Plaintiff stresses the fact that the commissioner’s notice of sale, his report of sale and his report of receipts and disbursements bear the caption of the Town of Columbus case. The notice of sale and report of sale refer to the order and judgment entered Monday, December 11, 1939, “in the above captioned cause” or “in the captioned matter.” The *710fact that these papers did not carry the captions of both actions is immaterial. The function of the commissioner’s notice of sale was to give notice to prospective purchasers. There was only one judgment and reference thereto disclosed the two tax foreclosure actions had been consolidated for judgment and one joint judgment entered therein. In this connection, see North Carolina Code of 1939 (Michie), § 7971-(228) (j); G.S. 105-391 (j). The commissioner’s report of receipts and disbursements discloses plainly that Polk County had purchased the subject lands for the benefit of itself and of the Town of Columbus. See North Carolina Code of 1939 (Michie), § 7971(228) (u); G.S. 105-391 (u).

The sufficiency of the service of summons by publication is not challenged. “From the time of service of the summons, in a civil action, or the allowance of a provisional remedy, the court is deemed to have acquired jurisdiction, and to have control of all subsequent proceedings.” C.S. 488; G.S. 1-101. The defendants in each tax foreclosure action were charged with notice of all proceedings therein.

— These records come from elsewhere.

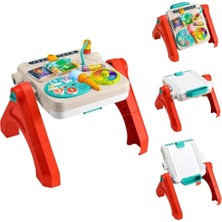 TeknoKapsül Fisher Price 4in1 Sesli ve Işıklı Eğlen ve Öğren Aktivite ve Çizim Masası JLM96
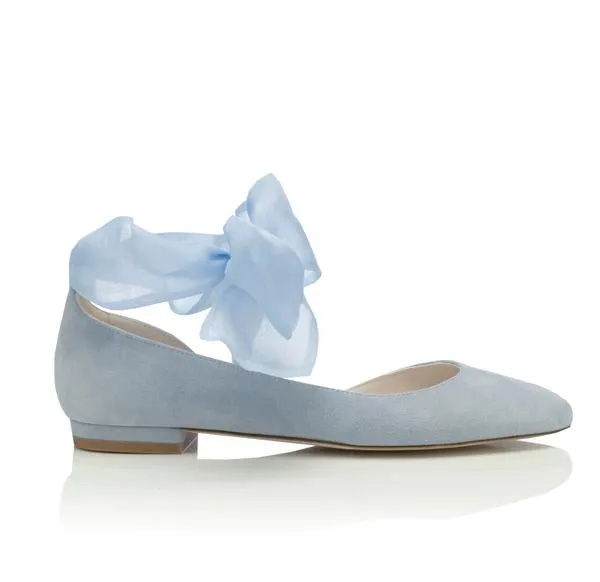HETTY FLAT BLUE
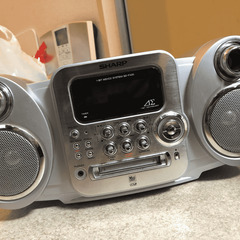 【ジャンク品】SHARP MD/CDコンポ ラジオ オーディオ機器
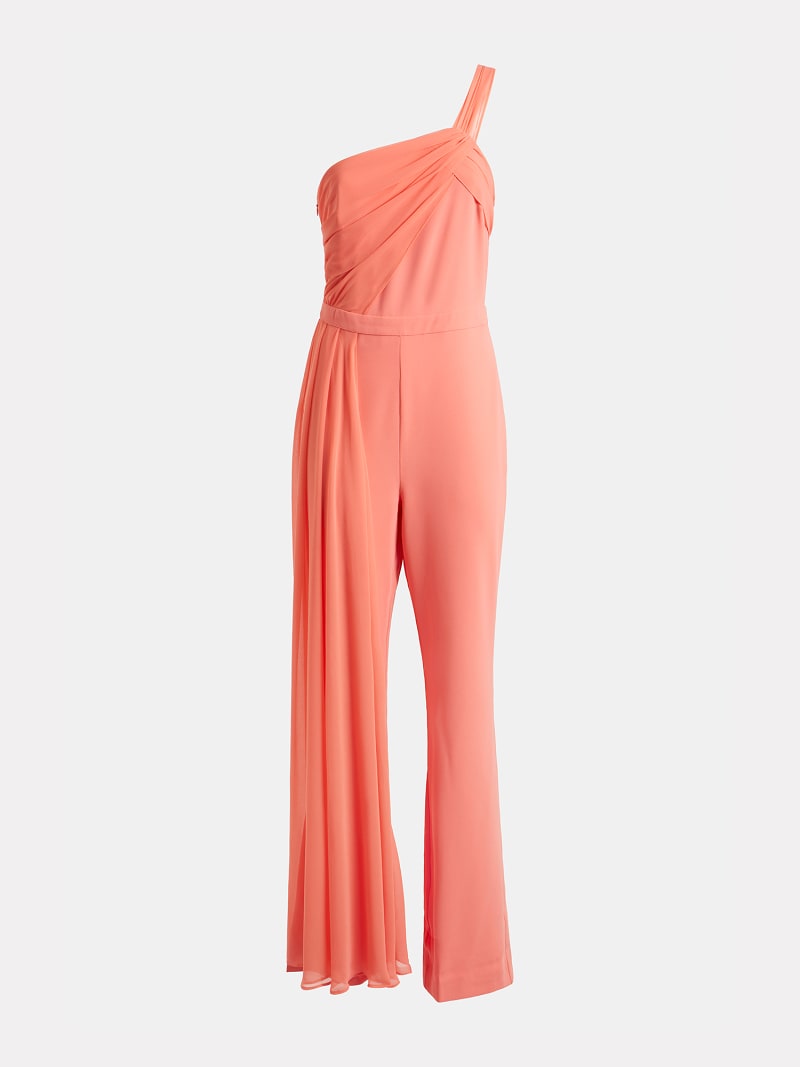Draped jumpsuit clearance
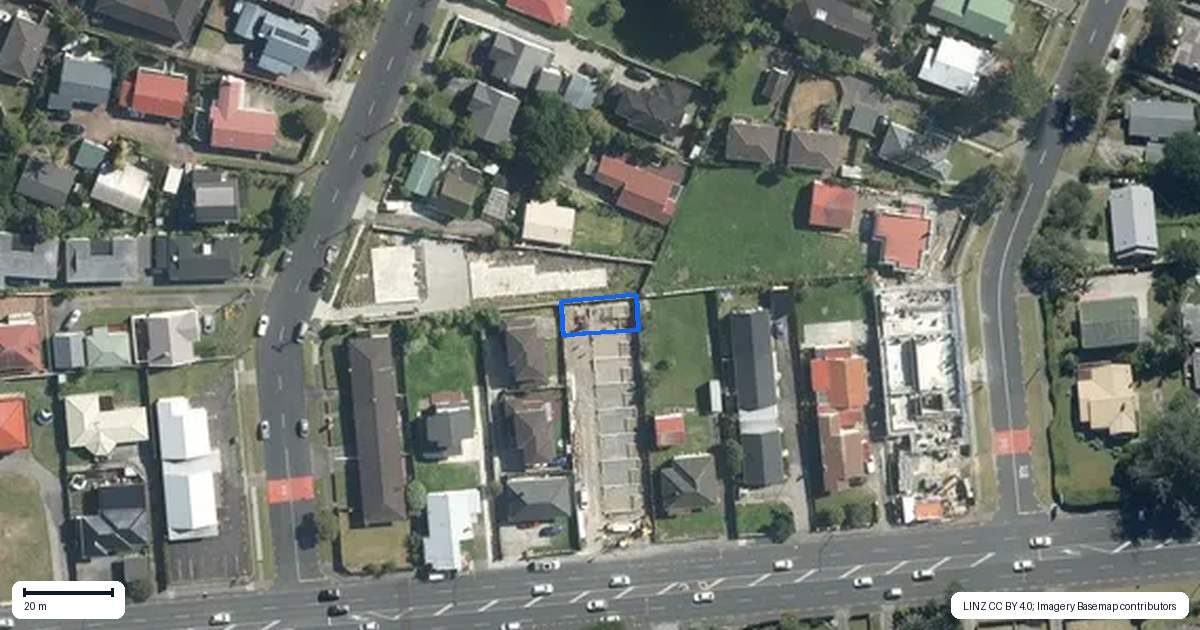 Property context map for 9/3153 Great North Road, New Lynn, Auckland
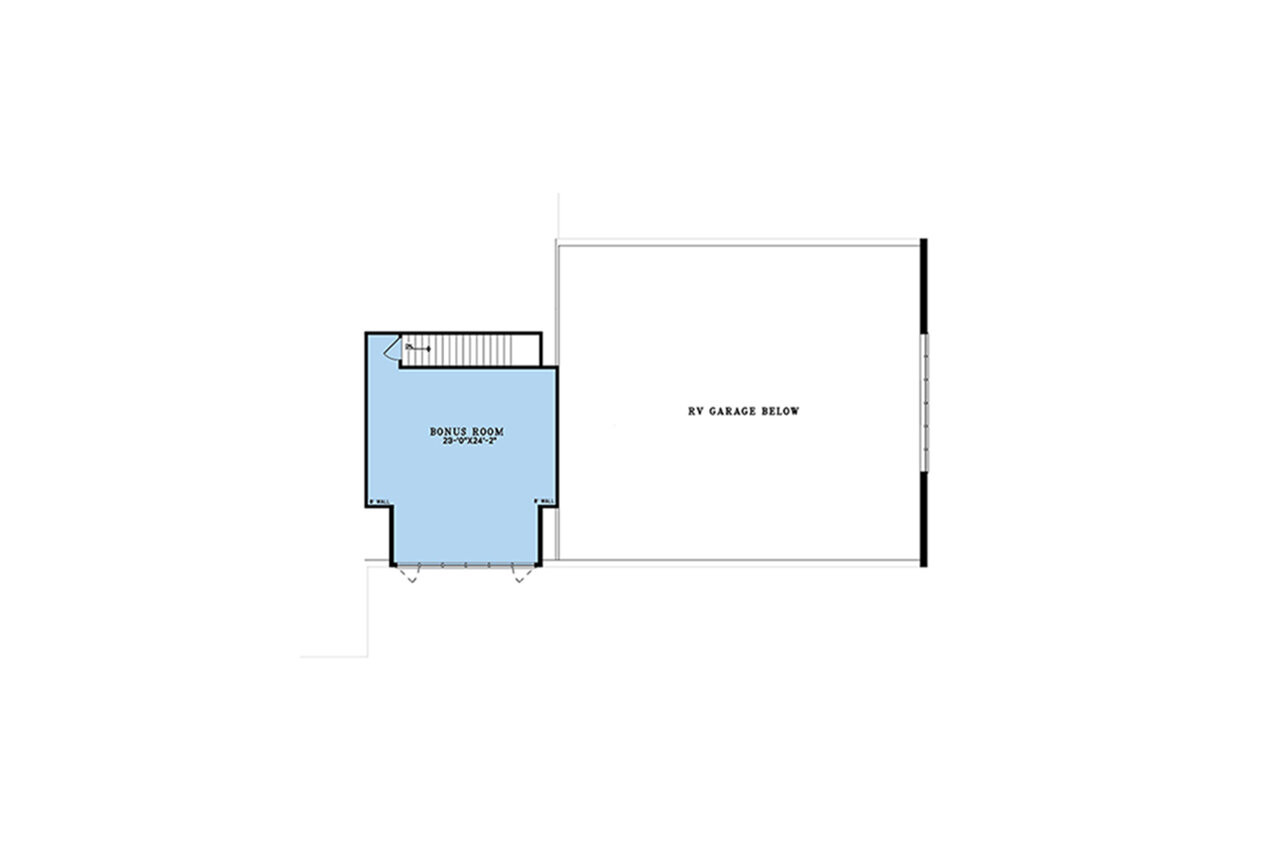 Farmhouse House Plan - Jackson Hole Farms II 21204 - 2nd Floor Plan
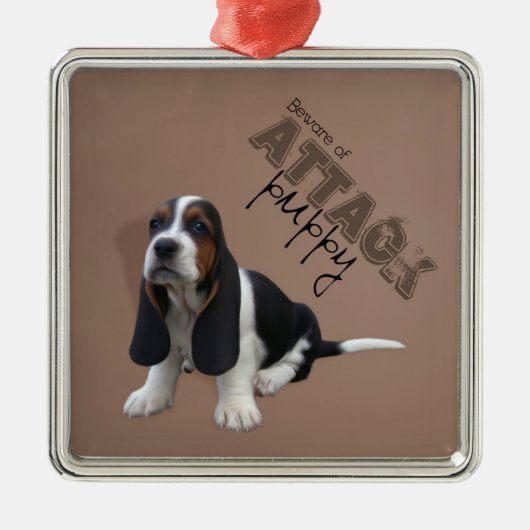 Basset Hound Puppy Ornament (Voorkant)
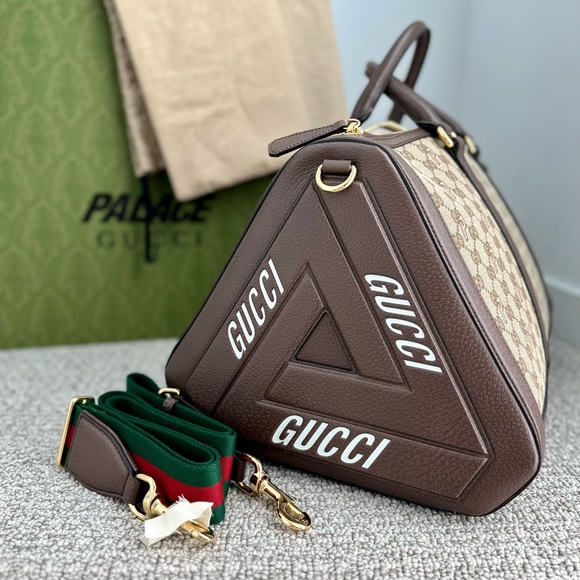 GUCCI X PALACE Triferg Canvas GG-P Duffle Bag - Picture 5 of 17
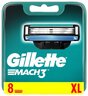 Gillette Mach 3 Turbo cartridge - 8 pcs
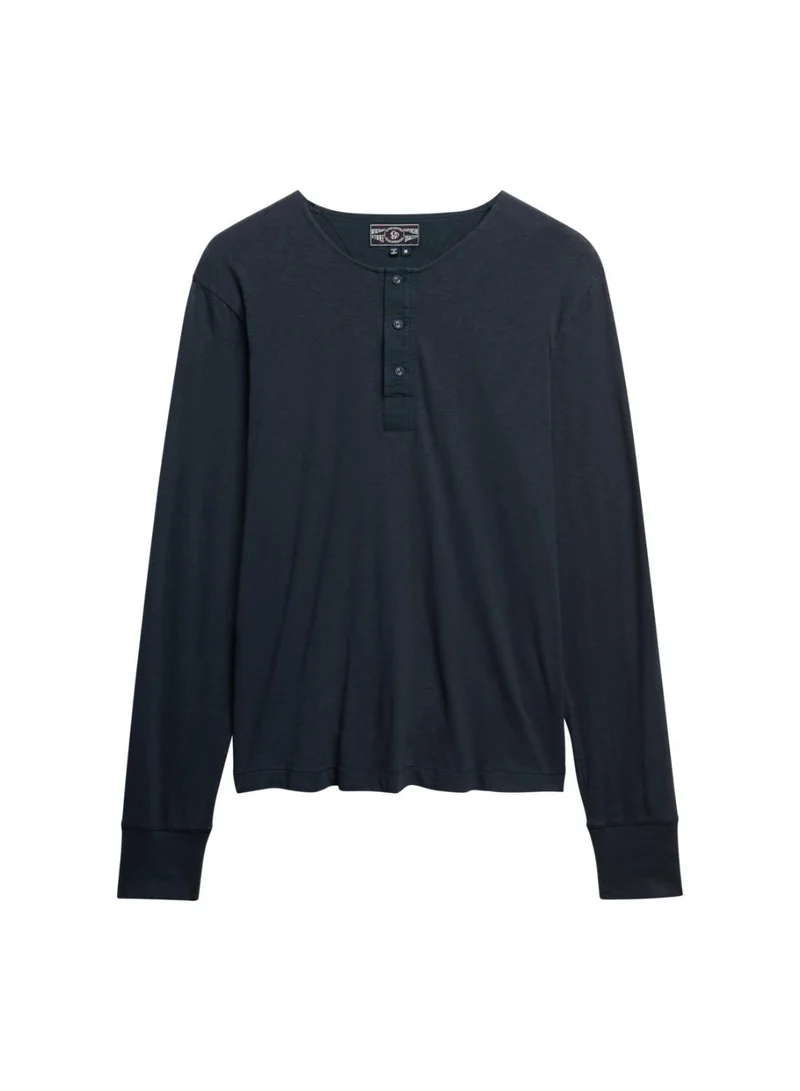 Superdry Merchant Grandad Lw Jersey Top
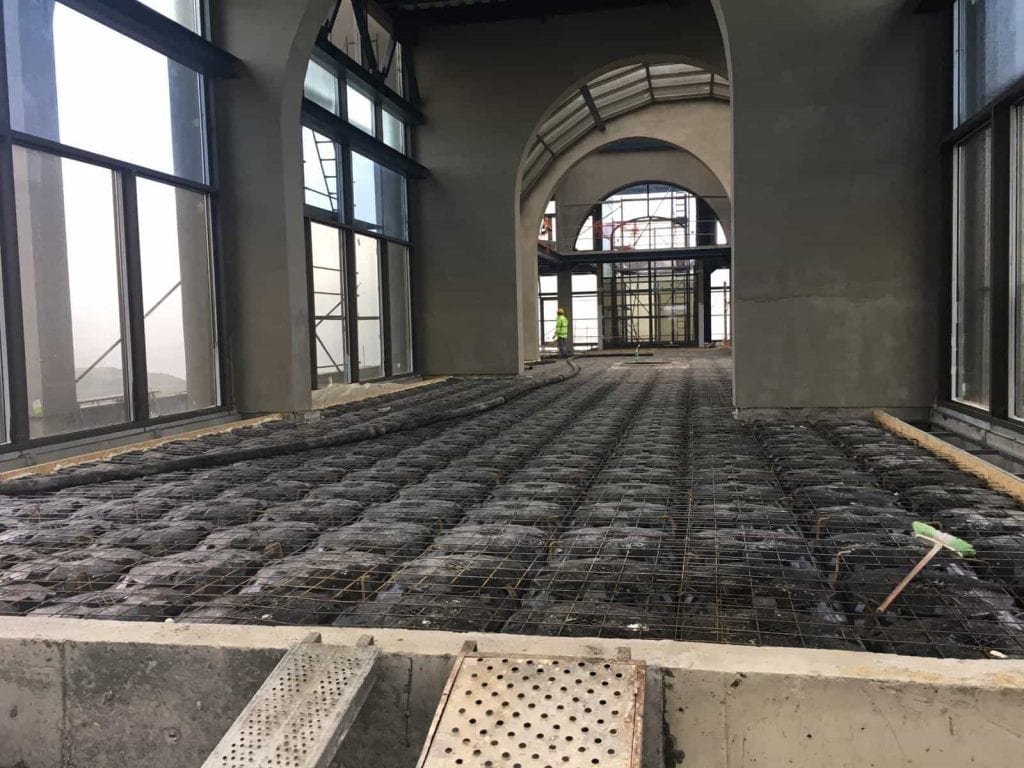 Disposable Formwork Lightweight filling on floor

Contrary to plaintiff’s contention, the record discloses that the joint judgment of December 11, 1939, and the judgment of confirmation of February 12, 1940, (both of which bear the captions of both actions) authorized and directed the commissioner to sell and convey all the lands on which Polk County had a lien including, but not limited to, the portion thereof on which the Town of Columbus also had a lien.

Plaintiff, conditionally, contends: The judgment, with reference to the portion of the subject lands lying outside of the corporate limits of the Town of Columbus, is defective because the complaint in the Polk County suit was not verified. In this connection, the record shows the (verification) affidavit was signed by W. C. Hague, Tax Collector and Treasurer of Polk County, but does not show it was sworn to or subscribed before the clerk as contemplated by the blank form provided for the clerk’s signature.

G.S. 1-211, subsection 1, on which plaintiff relies, applies to a cause of action for the breach of an express or implied contract to pay a sum of money fixed by the terms of the contract. “. . . a judgment by default final in that kind of suit, on an unverified complaint, is irregular and will be set aside on motion made in apt time and on a proper show of merits.” (Our italics). McNair v. Yarboro, 186 N.C. 111, 112, 118 S.E. 913, and cases cited. Motion in the cause is the proper course to pursue to obtain relief from an irregular judgment. Pruitt v. Taylor, 247 N.C. 380, 382, 100 S.E. 2d 841, and cases cited. It is noted that the complaint herein, if it were treated as a motion in the Polk County case, see Beck v. Voncannon, 237 N.C. 707, 713, 75 S.E. 2d 895, does *711not show plaintiff-or those under whom he claims acted with due diligence or had a meritorious defense to Polk County’s tax foreclosure action.

It is noted that the judgment of December 11, 1939, contains the following: “Pursuant to the statutory mandate requiring proof to be made of the demand mentioned in the Complaint in actions where the service of summons was by publication, the plaintiffs have been required to submit proof of the demand mentioned in the complaint as required by law and after the submission of such proof, the Court finds as a matter of fact that the plaintiffs are entitled to a judgment against the property for the sums hereinafter stated.” (Our italics). See G.S. 1-211, subsection 3.

In view of the foregoing, it is unnecessary to consider whether (with reference to the undivided one-half interest owned by Edward Mickler prior to the tax foreclosure actions) plaintiff’s evidence is sufficient to connect his title with the title of Edward Mickler. In this connection, see McDonald v. McCrummen, 235 N.C. 550, 70 S.E. 2d 703.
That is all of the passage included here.